___ THE INPUT ___

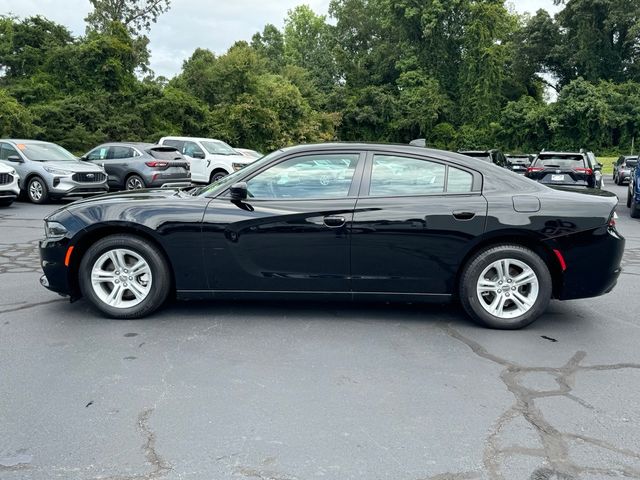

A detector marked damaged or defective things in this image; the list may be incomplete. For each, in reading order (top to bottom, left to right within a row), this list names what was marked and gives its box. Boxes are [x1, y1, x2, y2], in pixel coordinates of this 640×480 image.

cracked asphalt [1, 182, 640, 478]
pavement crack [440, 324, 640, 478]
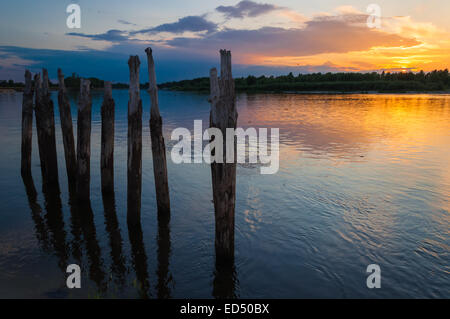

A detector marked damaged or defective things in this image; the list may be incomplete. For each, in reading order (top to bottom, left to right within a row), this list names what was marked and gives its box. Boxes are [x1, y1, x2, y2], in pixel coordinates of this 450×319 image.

___
___ THE INPUT ___

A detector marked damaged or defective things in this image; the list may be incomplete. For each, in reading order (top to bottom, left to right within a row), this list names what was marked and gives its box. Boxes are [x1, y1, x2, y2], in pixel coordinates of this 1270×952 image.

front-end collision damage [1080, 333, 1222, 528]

___
___ THE INPUT ___

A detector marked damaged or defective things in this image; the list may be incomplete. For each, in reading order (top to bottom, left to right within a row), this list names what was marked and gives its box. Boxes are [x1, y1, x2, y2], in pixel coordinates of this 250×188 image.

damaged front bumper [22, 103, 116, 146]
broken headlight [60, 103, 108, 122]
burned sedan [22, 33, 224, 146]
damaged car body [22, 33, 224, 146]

___

In the listing above, the required lines run from the line with "this 640×480 image." through the line with "this 450×319 image.". Output exactly those lines, omitting pictures.

=== RESULT FOR THIS TASK ===
A detector marked damaged or defective things in this image; the list may be incomplete. For each, in reading order (top to bottom, left to right within a row), this list names what was marked and gives its box. Boxes are [x1, y1, x2, y2], in pixel coordinates of this 640×480 image.

cracked asphalt [1, 182, 640, 478]
pavement crack [440, 324, 640, 478]

A detector marked damaged or defective things in this image; the list may be incomplete. For each, in reading order (top to bottom, left to right within a row), this list names what was marked and gives its box. Boxes are [x1, y1, x2, y2], in pixel coordinates of this 450×319 image.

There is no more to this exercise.